Meijer sees the traditional structure of developing products and services in carefully structured processes starting to change as the innovation environment changes. He cites the transformation of T-Mobile USA, led by chief executive John Leger, who has successfully piloted the operator’s un-carrier strategy based on experience gained working from the companies’ call centres to truly understand what customers want. Meijer says Leger claims he got his best information from call centre workers during their smoking breaks.
The insights that drive the next wave of mobile services will come from similarly leftfield sources and old rules will no longer apply. Therefore, operators must learn to redefine their approach to both market and technical research. Meijer thinks this will also stimulate employee enthusiasm for new projects.
“If you’re trying to attract people to this one way is to say: I have an expedition in mind, do you like this mountain? If so, you can be the sherpa,” he says. “However, if you’re the sherpa, I’ll finance the mission but you’re responsible for the backpack. These sherpas won’t be leading teams but they will be leading the mission.”

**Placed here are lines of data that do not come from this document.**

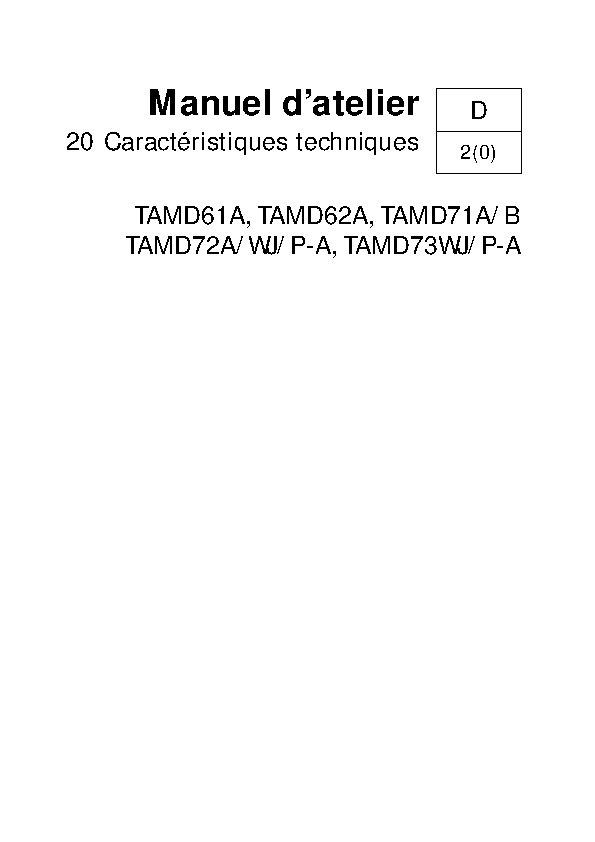 7740188 M.ATELIER D61-D62-D71-D72-D73 Caractéristiques Techniques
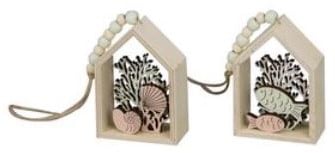 [A-023339] Houten hanger Water Scene Vissen Maritiem 9x6,5x3 cm
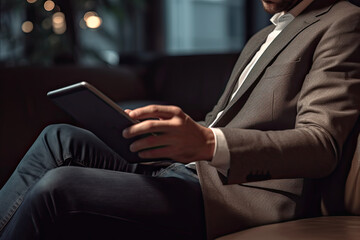 young businessman using a digital tablet while sitting in the office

Meijer envisages responsibilities shifting fluidly across innovation teams. Sometimes workers will be mission leaders, sometimes participants. “We look at the whole picture from an ecosystem perspective,” he says. “The good news is everyone is getting it.”
As the next generation of employees enter the work place, Meijer foresees a more collaborative innovation environment emerging. “If you get young people in the office, they’re born in IT and they have a very nice exchange of ideas, they also have big networks and usually know someone who can solve a problem. They really live it and people have a good sense if you’re faking it.”
That collaborative imperative extends externally into how operators will interact with customers and partners. Taking a concept such as servitisation of a machine from a one-time physical goods purchase into a subscription service is an area of great potential. “We’ll work with partners and look at some business models and discover new areas,” he says. “If a customer only wants to pay for an engine while it is use but the engine-maker doesn’t have the ability to send bills for that, this is an area where we can help and participate. This cross-section can work well but it is uncharted territory.”